Once you reach the line containing "Algopix Similar Product", reproduce it and every later line exactly, through the end of the data.

+++ MATERIAL FOR THIS EXERCISE

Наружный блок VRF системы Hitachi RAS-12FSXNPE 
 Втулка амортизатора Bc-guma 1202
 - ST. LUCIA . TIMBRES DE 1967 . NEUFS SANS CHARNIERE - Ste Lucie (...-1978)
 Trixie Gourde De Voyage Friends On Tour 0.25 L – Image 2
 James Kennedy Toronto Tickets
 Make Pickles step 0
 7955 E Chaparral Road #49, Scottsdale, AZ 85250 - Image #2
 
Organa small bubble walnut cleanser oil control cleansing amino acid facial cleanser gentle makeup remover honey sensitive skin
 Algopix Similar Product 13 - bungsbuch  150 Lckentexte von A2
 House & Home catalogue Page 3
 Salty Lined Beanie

++++++

REPLY –
 Algopix Similar Product 13 - bungsbuch  150 Lckentexte von A2
 House & Home catalogue Page 3
 Salty Lined Beanie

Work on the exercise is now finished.